Fair dos but even the "special" offer is dearer than the 9.99 euro (ie. roughly £8) the 250g tub costs. As I said, for whatever reason zooplus mark this up ridiculously.


----------



## Paddypaws (May 4, 2010)

Hobbs....now we have the very real pleasure of having you back online at least for a while........can we prevail upon you to add to this thread and give us a couple more 'fixed' recipes using different meats such as pork or turkey etc?
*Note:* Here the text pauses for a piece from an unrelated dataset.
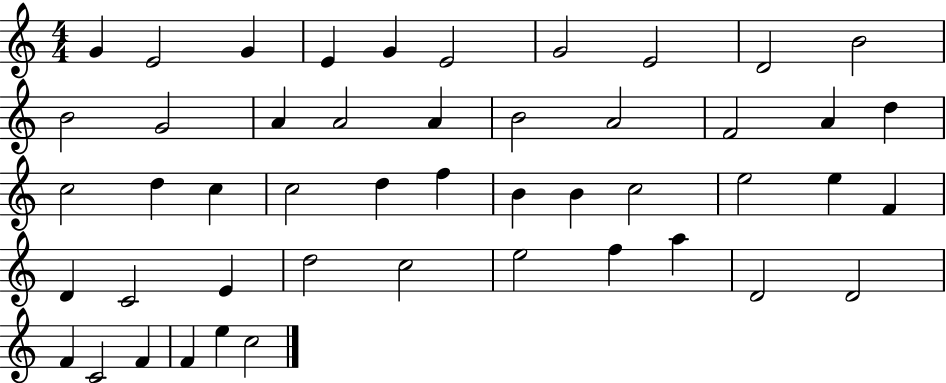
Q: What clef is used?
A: treble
It does seem that more and more people are willing to make the leap into making their own raw food, 5000 viewings for this thread alone, so it would be fantastic to be able to refer to properly calculated recipes.

Pretty please?


----------



## Cookieandme (Dec 29, 2011)

Paddypaws said:


> Hobbs....now we have the very real pleasure of having you back online at least for a while........can we prevail upon you to add to this thread and give us a couple more 'fixed' recipes using different meats such as pork or turkey etc?
> 
> Pretty please?


opps should I be modifying the recipe for different base meats


----------



## hobbs2004 (Mar 12, 2010)

Paddypaws said:


> Hobbs....now we have the very real pleasure of having you back online at least for a while........can we prevail upon you to add to this thread and give us a couple more 'fixed' recipes using different meats such as pork or turkey etc?
> 
> It does seem that more and more people are willing to make the leap into making their own raw food, 5000 viewings for this thread alone, so it would be fantastic to be able to refer to properly calculated recipes.
> 
> Pretty please?


Well, the only problem is that I am actually infringing on copyrights by doing that. In all honesty, I shouldn't have posted those recipes in the first place. Shame they haven't translated it into English yet.
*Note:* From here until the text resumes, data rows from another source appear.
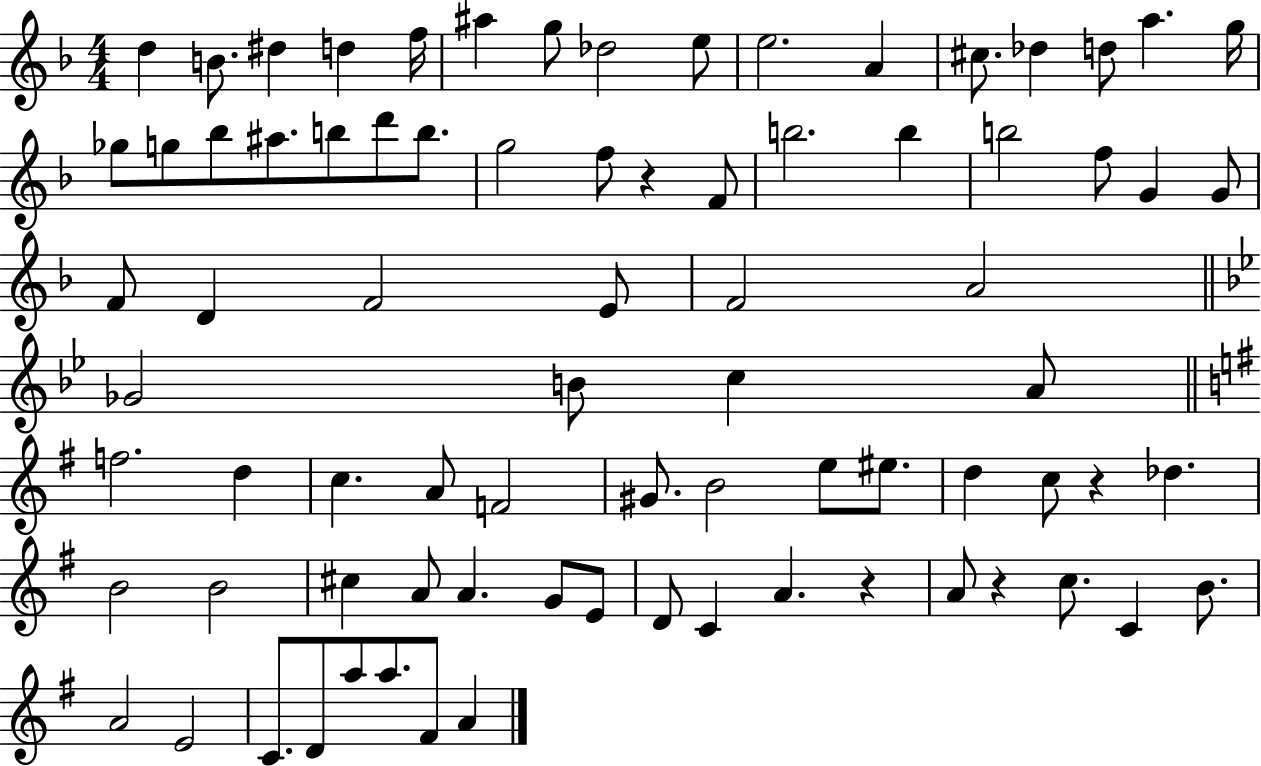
{
  \clef treble
  \numericTimeSignature
  \time 4/4
  \key f \major
  d''4 b'8. dis''4 d''4 f''16 | ais''4 g''8 des''2 e''8 | e''2. a'4 | cis''8. des''4 d''8 a''4. g''16 | \break ges''8 g''8 bes''8 ais''8. b''8 d'''8 b''8. | g''2 f''8 r4 f'8 | b''2. b''4 | b''2 f''8 g'4 g'8 | \break f'8 d'4 f'2 e'8 | f'2 a'2 | \bar "||" \break \key g \minor ges'2 b'8 c''4 a'8 | \bar "||" \break \key g \major f''2. d''4 | c''4. a'8 f'2 | gis'8. b'2 e''8 eis''8. | d''4 c''8 r4 des''4. | \break b'2 b'2 | cis''4 a'8 a'4. g'8 e'8 | d'8 c'4 a'4. r4 | a'8 r4 c''8. c'4 b'8. | \break a'2 e'2 | c'8. d'8 a''8 a''8. fis'8 a'4 | \bar "|."
}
CaM, there are some subtle differences according to the calculator I use depending on the meats you put into the equation but at the end of the day it all evens itself out.


----------



## Paddypaws (May 4, 2010)

Ah well, that's a shame....don't want to cause legal problems though!


----------



## anotheruser (Aug 17, 2011)

Cookieandme said:


> The recipe does state wheatgerm oil or Vit E drops - I use wheatgerm oil from ebay.
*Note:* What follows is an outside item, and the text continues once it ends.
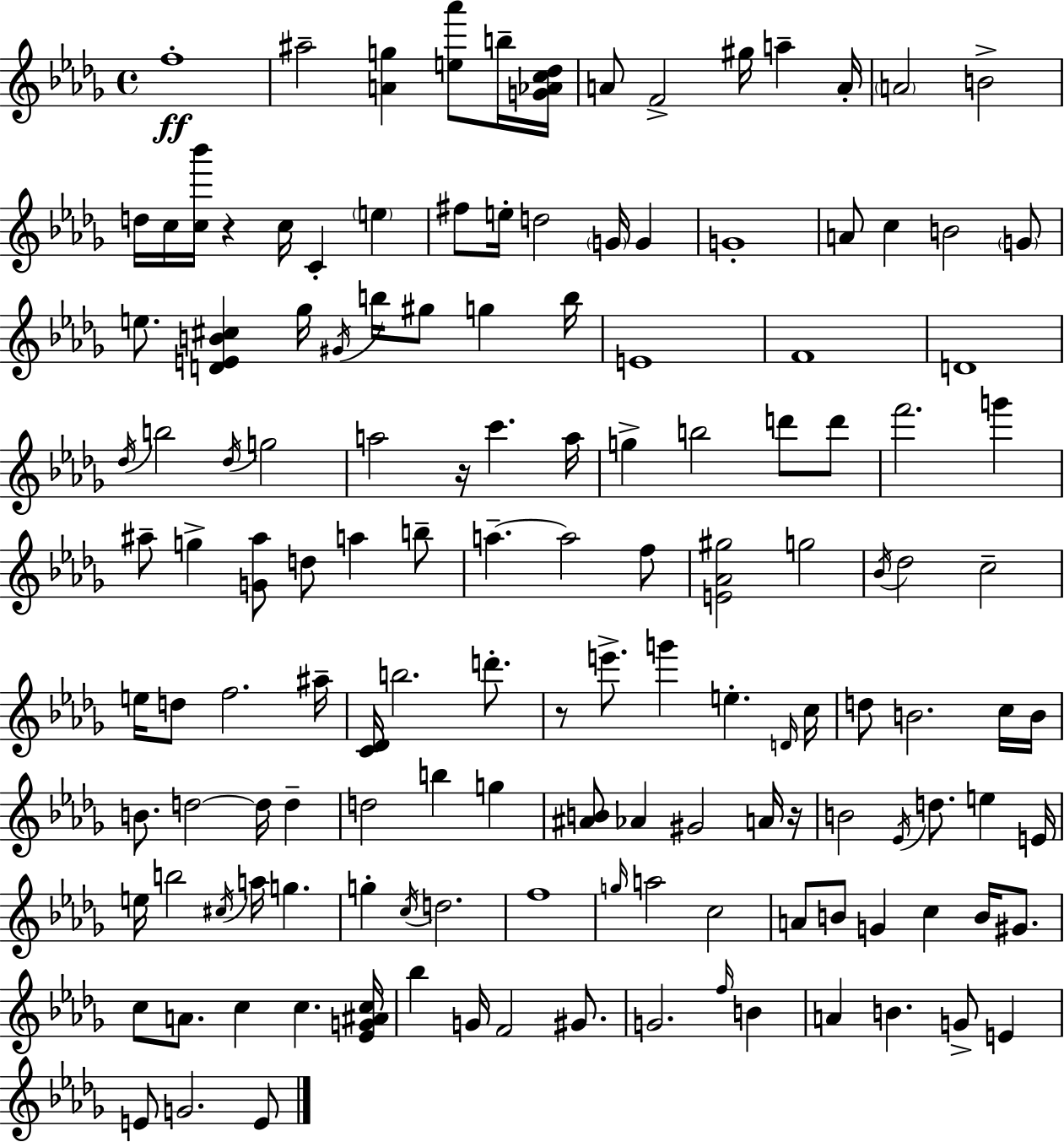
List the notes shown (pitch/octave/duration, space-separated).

F5/w A#5/h [A4,G5]/q [E5,Ab6]/e B5/s [G4,Ab4,C5,Db5]/s A4/e F4/h G#5/s A5/q A4/s A4/h B4/h D5/s C5/s [C5,Bb6]/s R/q C5/s C4/q E5/q F#5/e E5/s D5/h G4/s G4/q G4/w A4/e C5/q B4/h G4/e E5/e. [D4,E4,B4,C#5]/q Gb5/s G#4/s B5/s G#5/e G5/q B5/s E4/w F4/w D4/w Db5/s B5/h Db5/s G5/h A5/h R/s C6/q. A5/s G5/q B5/h D6/e D6/e F6/h. G6/q A#5/e G5/q [G4,A#5]/e D5/e A5/q B5/e A5/q. A5/h F5/e [E4,Ab4,G#5]/h G5/h Bb4/s Db5/h C5/h E5/s D5/e F5/h. A#5/s [C4,Db4]/s B5/h. D6/e. R/e E6/e. G6/q E5/q. D4/s C5/s D5/e B4/h. C5/s B4/s B4/e. D5/h D5/s D5/q D5/h B5/q G5/q [A#4,B4]/e Ab4/q G#4/h A4/s R/s B4/h Eb4/s D5/e. E5/q E4/s E5/s B5/h C#5/s A5/s G5/q. G5/q C5/s D5/h. F5/w G5/s A5/h C5/h A4/e B4/e G4/q C5/q B4/s G#4/e. C5/e A4/e. C5/q C5/q. [Eb4,G4,A#4,C5]/s Bb5/q G4/s F4/h G#4/e. G4/h. F5/s B4/q A4/q B4/q. G4/e E4/q E4/e G4/h. E4/e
Being something like this?
Just making sure as it seems to be a massage oil too :blink:

Shame about the recipes, although unless you're copying word for word out of a book then I would have thought it would be okay to give a guide here as you'd be paraphrasing which isn't against the law 
Just worried as it is said that it's better to feed a wet diet than an incomplete raw diet, or does that only apply to the 80/10/10 or 80/10/5/5 that people go with?


----------



## hobbs2004 (Mar 12, 2010)

That is "carrier" oil - i.e. massage oil.

IF you want to go down the wheat germ oil route (which is more expensive than using vit e drops) then how about something like this: Now Foods, Wheat Germ Oil, 16 fl oz (473 ml) | eBay

Strangely, wheat germ oil seems to be quite a rare and expensive commodity in the UK; much more easily, cheaply and widely had on the mainland. I wonder why that is.


----------



## Paddypaws (May 4, 2010)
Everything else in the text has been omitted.